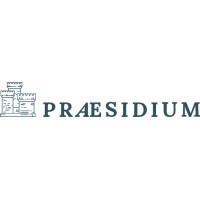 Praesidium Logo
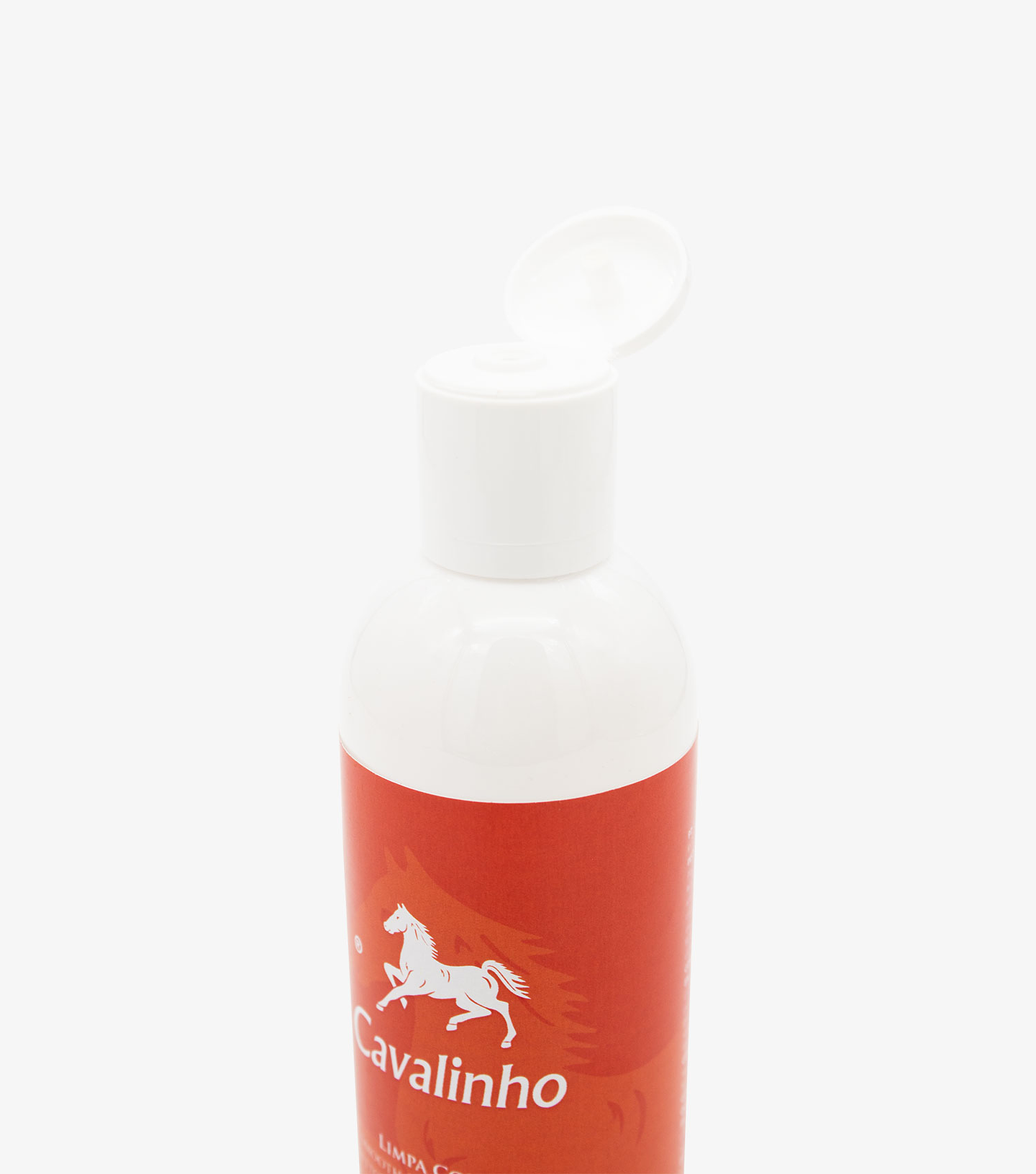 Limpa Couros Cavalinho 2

──────

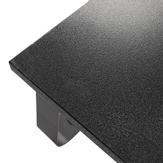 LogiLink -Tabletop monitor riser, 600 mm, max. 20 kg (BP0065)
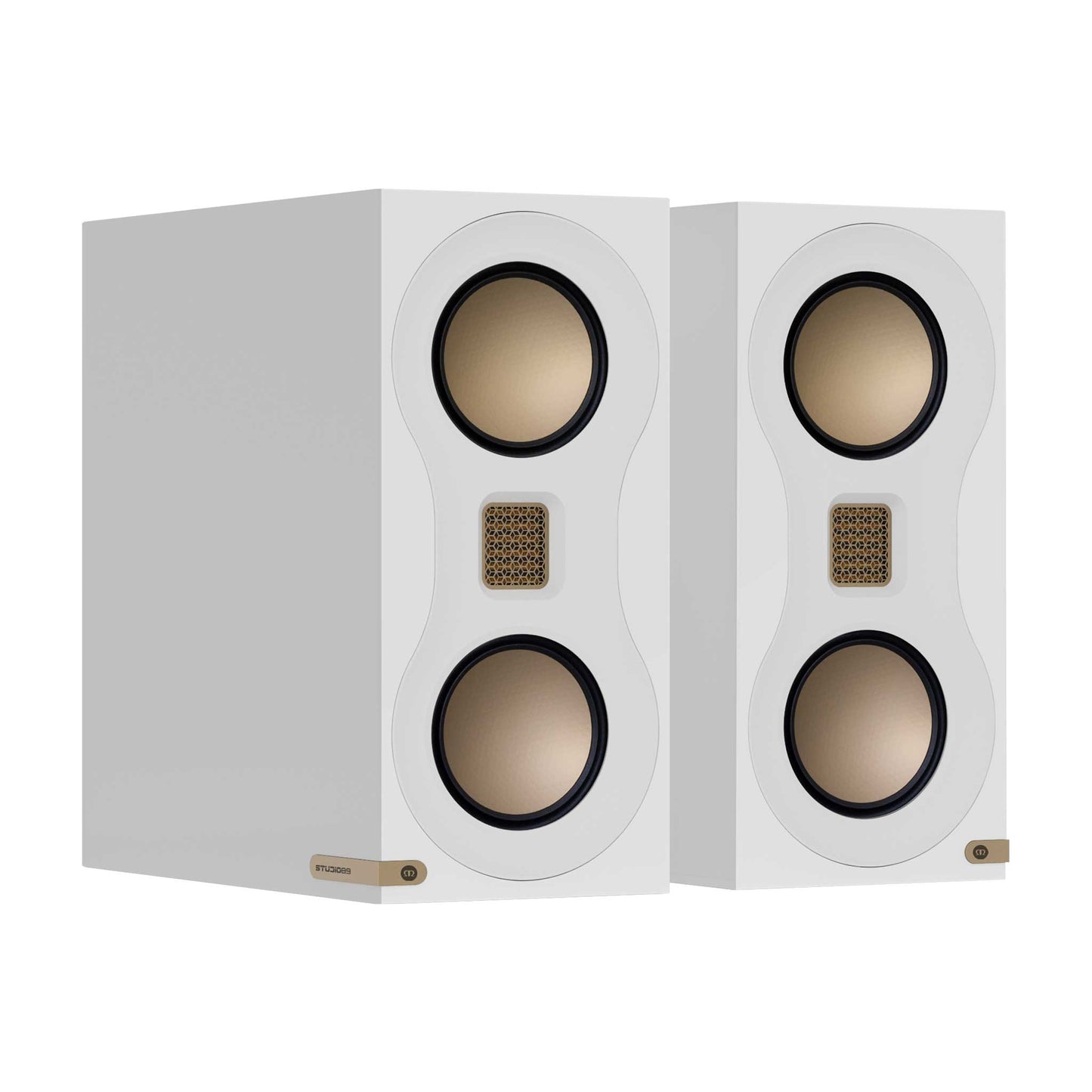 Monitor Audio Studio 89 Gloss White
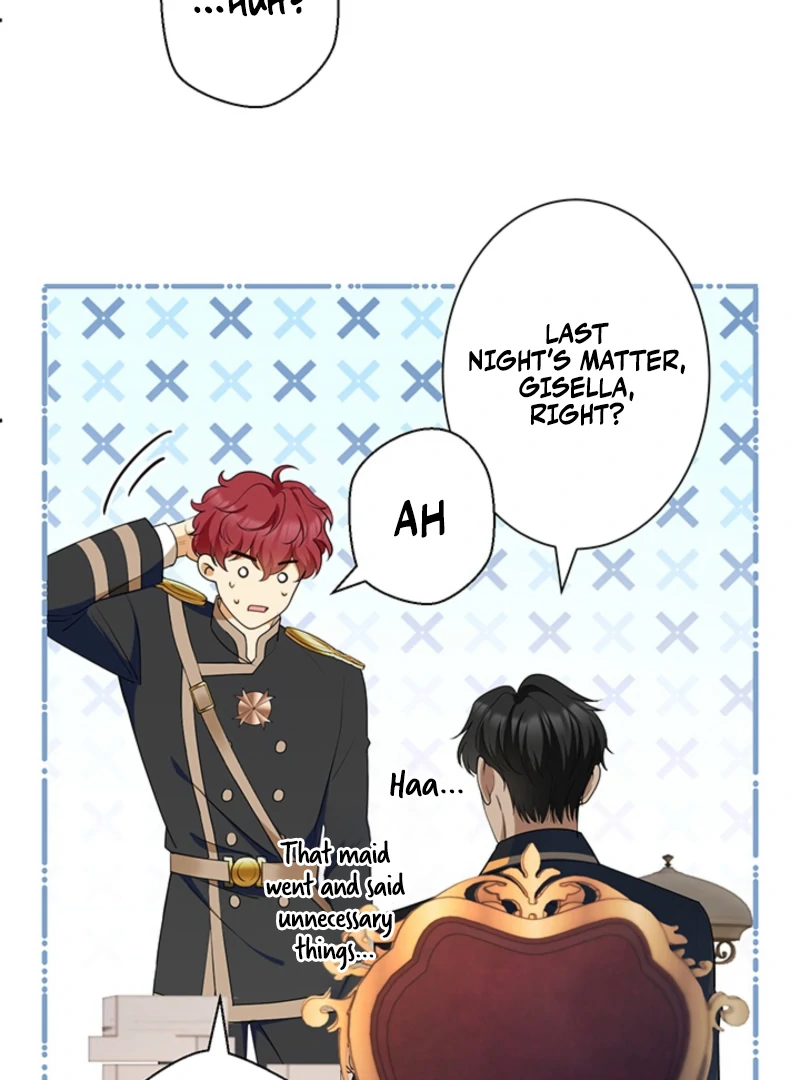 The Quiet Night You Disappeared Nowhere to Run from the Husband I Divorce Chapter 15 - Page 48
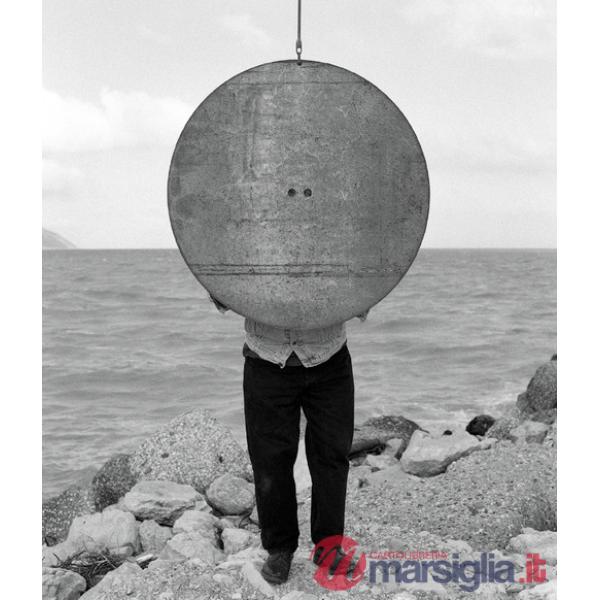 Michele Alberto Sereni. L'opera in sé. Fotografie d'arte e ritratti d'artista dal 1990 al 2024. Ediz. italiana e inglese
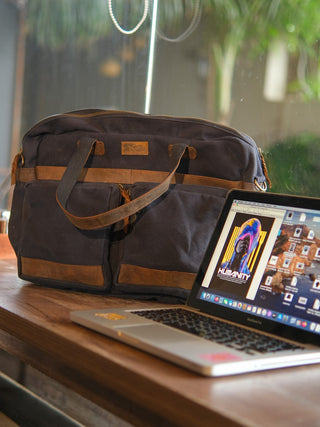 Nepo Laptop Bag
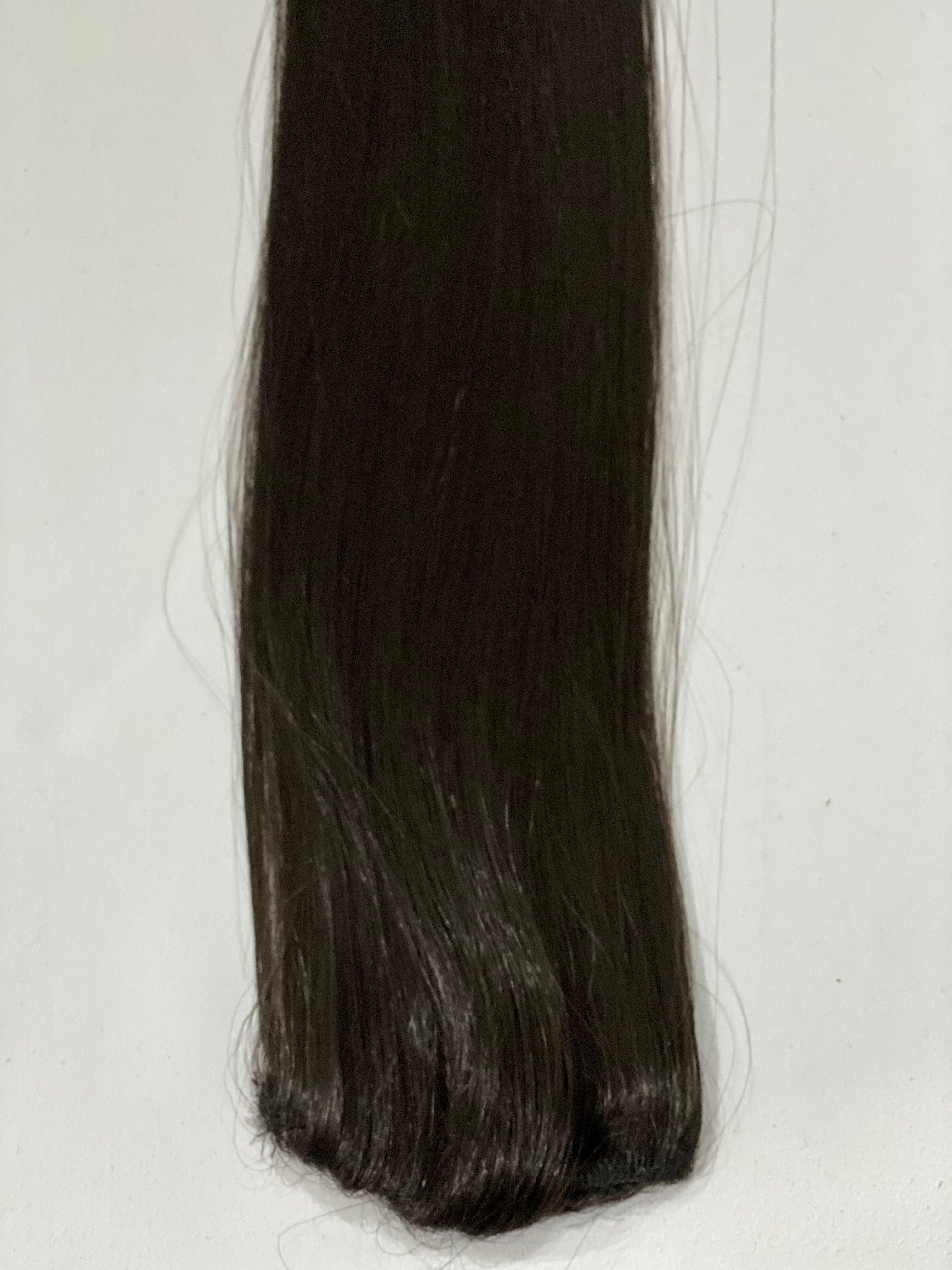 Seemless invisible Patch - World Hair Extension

──────

[REQUIRED ACTION]:
Taking the entries above, extract every line from the one bearing "Michele Alberto Sereni." through the one bearing "Seemless invisible Patch", exactly, with no pictures.

[ANSWER SPACE]:
 Michele Alberto Sereni. L'opera in sé. Fotografie d'arte e ritratti d'artista dal 1990 al 2024. Ediz. italiana e inglese
 Nepo Laptop Bag
 Seemless invisible Patch - World Hair Extension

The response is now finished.